All around us the world screams "Danger! Danger!"  But as I thought about it I wondered if this is the application for the follower of Jesus Christ.  Are we really ever in danger?  Are we ever in a place, a time when dangers around us should cause us to fear?  And so, I looked up the definition for danger.  That's always a great place to start.  Here it is,

Danger- liability or exposure to harm or injury; risk; peril

And suddenly I realize that I am NEVER in danger!  I am a child of the God who made everything!  I am a son of the sovereign of the universe.  I am never in a place where the world's definition of danger affects me because I'm a son of God.

If I do suffer martyrdom for my faith it was part of God's great plan for my life and in a moment I step into eternity.  Danger is for those who fear death, but when fear of death is gone so is danger.

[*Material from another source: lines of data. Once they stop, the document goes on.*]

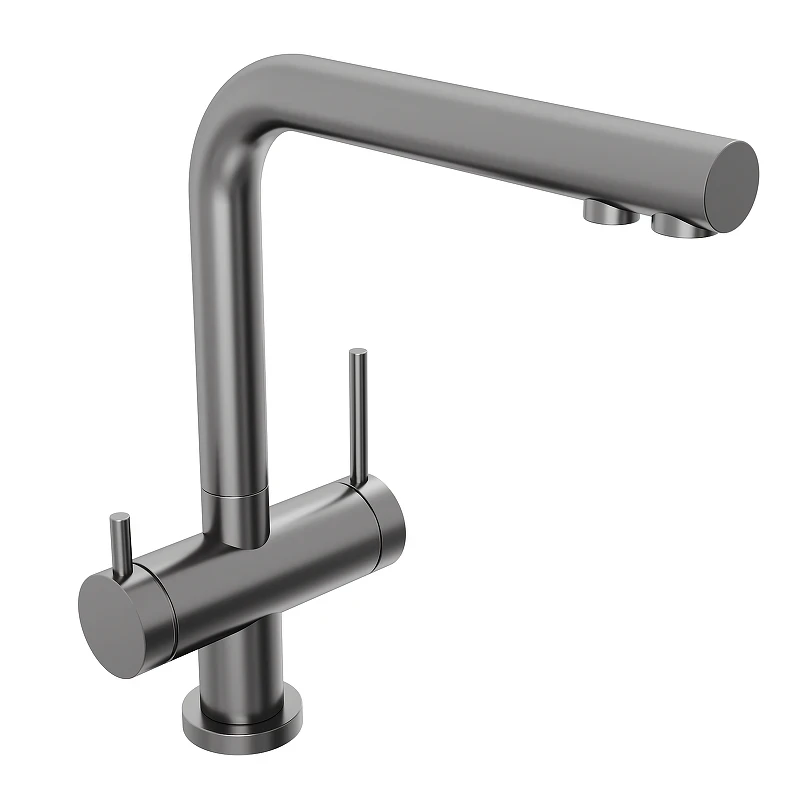 Смеситель для кухни Abelsberg Pura UVF70929GM цвет Космическая сталь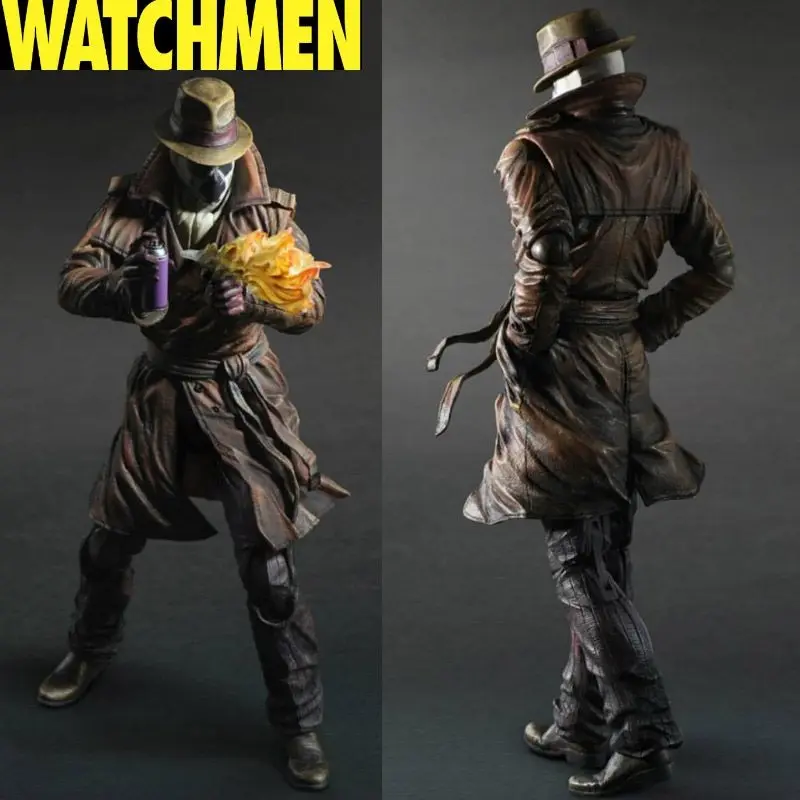 Square IX Watchmen Play Arts Kai Rorschach Action Figure|Игровые фигурки и трансформеры| |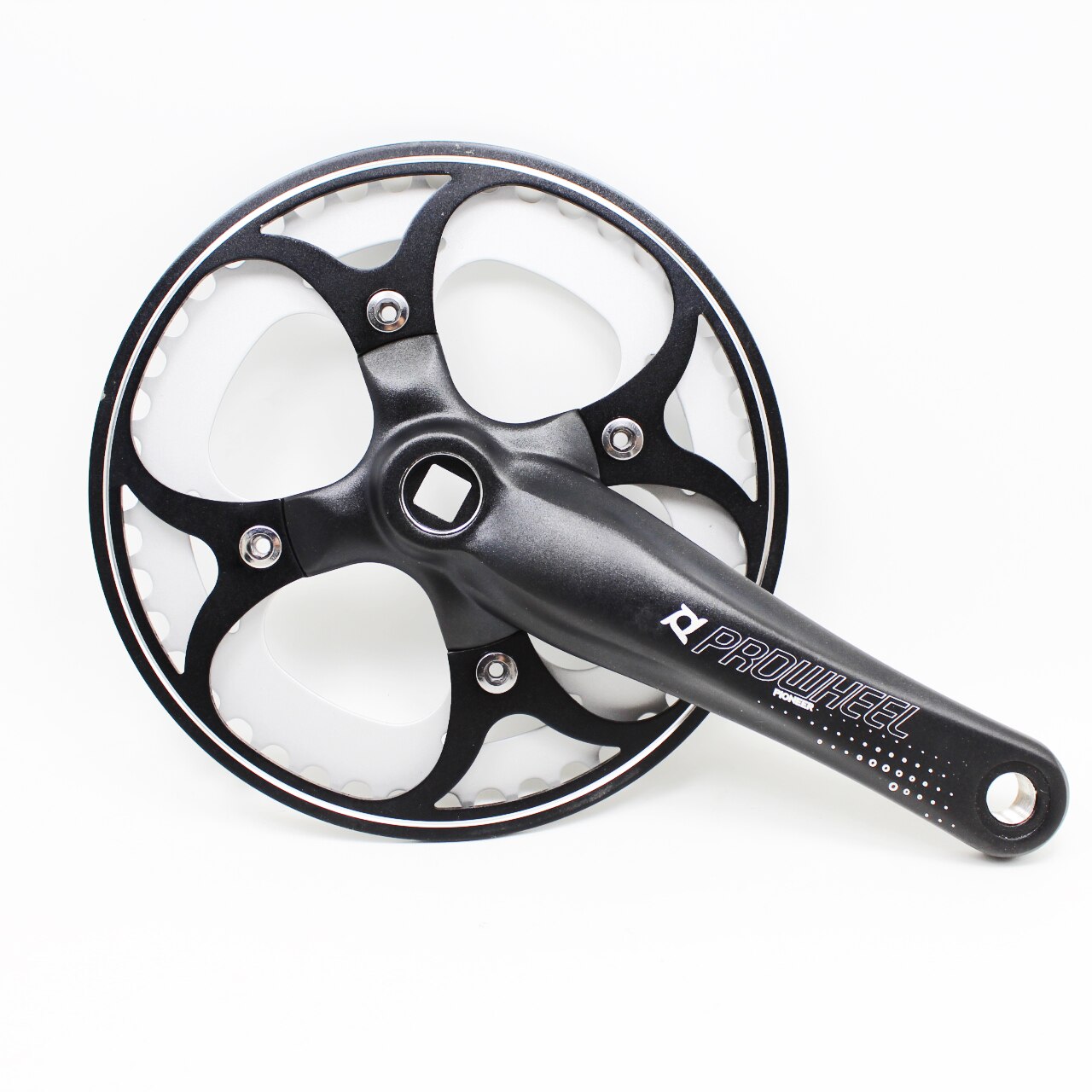 Road bike Crankset 44T 170mm Bicycle Crankset single speed aluminum alloy crank For Folding Bike Bicycle Parts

If I suffer financial loss and find myself homeless I am never in danger because my father will care for me.  Peril in the world may be part of God's great plan for me as I live for him.  If it's from his hand there is no danger in it.

And suddenly, as I unfold all the fears I have about life in this world, the dangers and terrible results that might come with them disappear.  When the sovereign is in charge I'm never in danger!

David, the one man who knew "fear" and "danger" better than anyone wrote these words.  Each time I read them they dispel all fear, all threats of danger in the scary world we live in,

"God is our refuge and strength,
    always ready to help in times of trouble.

So we will not fear when earthquakes come
    and the mountains crumble into the sea.

Let the oceans roar and foam.
    Let the mountains tremble as the waters surge!" Ps. 46


Danger?  Never!  Everything ahead is an opportunity to see God work or an opportunity to see God in person.  When God is in charge "Let the mountains tremble".....I'm ready for anything because my Father loves me and he’s the sovereign of the Universe!